Recently, on my commute home, I saw two adjacent shops with large banners outside them. One said “Loan pe Phone" and the one next to it said “Phone pe Loan". The former was obviously selling mobile phones and was offering attractive loan options to make that purchase—while the latter was a direct sales agent of a financing company offering personal loans wherein it required just one phone call to get the loan pre-approved. These two shops seemed quite symbolic of what is happening to consumption and household debt in India.
The other incident that took me further along this chain of thought happened at a family gathering. We were gathered to celebrate the birthday of a Generation Z niece and I asked her what gift she wanted. She said: “I want an add-on credit card." She was just turning 16. While I was surprised, the septuagenarians in the family, for whom “loan" was a four-letter word, were totally aghast. I was witnessing an attitudinal shift towards leverage that has happened over three generations. This is a trend which, I think, is here to stay—that the Indian household, over the next few years, will increasingly lever itself up and spend on consumption.

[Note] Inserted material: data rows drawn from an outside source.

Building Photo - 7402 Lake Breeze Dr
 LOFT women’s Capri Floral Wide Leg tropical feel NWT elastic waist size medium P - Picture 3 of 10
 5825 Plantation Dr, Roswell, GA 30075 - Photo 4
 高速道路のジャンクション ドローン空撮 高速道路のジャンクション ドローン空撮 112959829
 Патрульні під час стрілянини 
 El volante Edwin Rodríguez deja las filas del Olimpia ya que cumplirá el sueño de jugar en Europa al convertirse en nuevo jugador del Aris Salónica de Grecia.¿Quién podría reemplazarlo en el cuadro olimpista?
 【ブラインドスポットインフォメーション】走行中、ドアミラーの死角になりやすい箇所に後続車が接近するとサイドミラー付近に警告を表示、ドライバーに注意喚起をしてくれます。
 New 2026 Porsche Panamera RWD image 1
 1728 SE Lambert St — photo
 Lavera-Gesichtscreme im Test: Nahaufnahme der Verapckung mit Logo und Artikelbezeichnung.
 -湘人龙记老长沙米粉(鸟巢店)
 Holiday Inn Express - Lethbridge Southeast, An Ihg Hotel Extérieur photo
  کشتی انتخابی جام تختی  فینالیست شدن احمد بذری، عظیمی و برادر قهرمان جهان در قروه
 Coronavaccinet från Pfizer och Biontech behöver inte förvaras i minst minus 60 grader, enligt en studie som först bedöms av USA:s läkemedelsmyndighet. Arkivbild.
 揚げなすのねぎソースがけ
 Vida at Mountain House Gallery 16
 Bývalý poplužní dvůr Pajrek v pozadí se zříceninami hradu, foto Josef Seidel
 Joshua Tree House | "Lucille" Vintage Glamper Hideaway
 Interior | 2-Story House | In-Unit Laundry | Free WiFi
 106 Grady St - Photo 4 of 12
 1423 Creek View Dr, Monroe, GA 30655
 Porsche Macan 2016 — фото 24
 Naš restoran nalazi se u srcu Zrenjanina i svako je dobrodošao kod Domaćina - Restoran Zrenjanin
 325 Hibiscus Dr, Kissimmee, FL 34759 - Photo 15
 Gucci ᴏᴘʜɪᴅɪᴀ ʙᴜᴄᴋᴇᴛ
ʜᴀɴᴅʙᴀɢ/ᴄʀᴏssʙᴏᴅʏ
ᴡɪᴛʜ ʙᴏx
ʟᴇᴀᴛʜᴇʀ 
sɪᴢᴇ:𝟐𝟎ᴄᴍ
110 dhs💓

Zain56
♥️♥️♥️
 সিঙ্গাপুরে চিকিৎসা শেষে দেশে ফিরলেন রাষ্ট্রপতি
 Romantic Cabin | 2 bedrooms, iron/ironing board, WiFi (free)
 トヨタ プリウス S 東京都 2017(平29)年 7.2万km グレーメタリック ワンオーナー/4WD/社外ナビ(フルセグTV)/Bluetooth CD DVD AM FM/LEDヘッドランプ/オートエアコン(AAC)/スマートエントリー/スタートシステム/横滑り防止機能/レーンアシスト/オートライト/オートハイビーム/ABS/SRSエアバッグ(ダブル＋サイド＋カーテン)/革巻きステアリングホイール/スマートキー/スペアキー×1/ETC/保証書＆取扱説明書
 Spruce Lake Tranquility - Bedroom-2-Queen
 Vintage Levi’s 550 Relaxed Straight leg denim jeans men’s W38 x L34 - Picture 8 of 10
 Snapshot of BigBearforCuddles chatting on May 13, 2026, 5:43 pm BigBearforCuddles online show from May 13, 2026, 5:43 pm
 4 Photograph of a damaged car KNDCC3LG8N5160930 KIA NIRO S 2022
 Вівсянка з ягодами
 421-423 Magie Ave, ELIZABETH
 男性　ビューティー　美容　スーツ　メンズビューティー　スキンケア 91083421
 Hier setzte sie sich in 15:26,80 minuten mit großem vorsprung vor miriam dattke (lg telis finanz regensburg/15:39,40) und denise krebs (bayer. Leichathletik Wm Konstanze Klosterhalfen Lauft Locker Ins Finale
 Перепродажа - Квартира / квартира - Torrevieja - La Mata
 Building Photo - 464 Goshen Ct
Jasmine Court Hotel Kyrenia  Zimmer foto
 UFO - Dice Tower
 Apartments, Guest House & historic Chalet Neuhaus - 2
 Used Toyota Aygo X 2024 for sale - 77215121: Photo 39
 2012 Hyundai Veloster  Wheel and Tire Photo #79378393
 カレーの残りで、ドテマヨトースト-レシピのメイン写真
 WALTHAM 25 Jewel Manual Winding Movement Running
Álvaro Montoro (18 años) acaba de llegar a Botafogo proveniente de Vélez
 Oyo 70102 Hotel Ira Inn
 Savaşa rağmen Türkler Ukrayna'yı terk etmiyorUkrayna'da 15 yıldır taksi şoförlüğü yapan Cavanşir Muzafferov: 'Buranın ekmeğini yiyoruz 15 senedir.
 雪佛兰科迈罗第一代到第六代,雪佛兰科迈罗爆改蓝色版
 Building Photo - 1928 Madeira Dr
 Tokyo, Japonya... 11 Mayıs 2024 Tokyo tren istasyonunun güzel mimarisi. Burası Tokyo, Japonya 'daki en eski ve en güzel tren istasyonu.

This isn’t a trend which is starting out now; one can find evidence for this in various data. Take, for instance, the finance penetration of Maruti cars—percentage of cars sold on which the buyer has taken a loan. That percentage has steadily increased from 68% in FY12 to 81% in FY18. At a broader level, household debt to gross domestic product (GDP) has inched up from 11.2% in FY12 to 15.7% in FY18. This trend has legs and will be aided by a confluence of several factors apart from the attitudinal shift.
For starters, 15.7% household debt to GDP is fairly low by emerging market standards; the average here is 39%. While it is tempting to think that this would be tightly correlated with per capita GDP, there are idiosyncratic differences between countries. South Africa, with per capita GDP of about $6,000, has about 44% household debt, while Thailand, with a similar per capita income, has almost 78% debt. Indonesia, with twice the per capita GDP of India, has the same household debt levels. But in an individual product like two wheelers, finance penetration is in excess of 70% while that number is 35% in India.
An important enabler for this trend in India could be the formation of credit information bureau such as Cibil that lenders can access to check the credit history of their prospective borrowers. About a decade ago, in the absence of income documents, lenders relied on surrogate verification while assessing credit-worthiness. In an extreme case, if you stepped out of the airport and had an economy class boarding pass, you were pre-approved for a silver credit card, while if you had a business class boarding pass, you got a gold card. Things are more sophisticated now. Cibil itself has a database of 248 million unique borrowers, which has almost doubled in five years. Put differently, lenders are able to verify Cibil records of over 80% of individual loan applicants today versus only 60% five years ago.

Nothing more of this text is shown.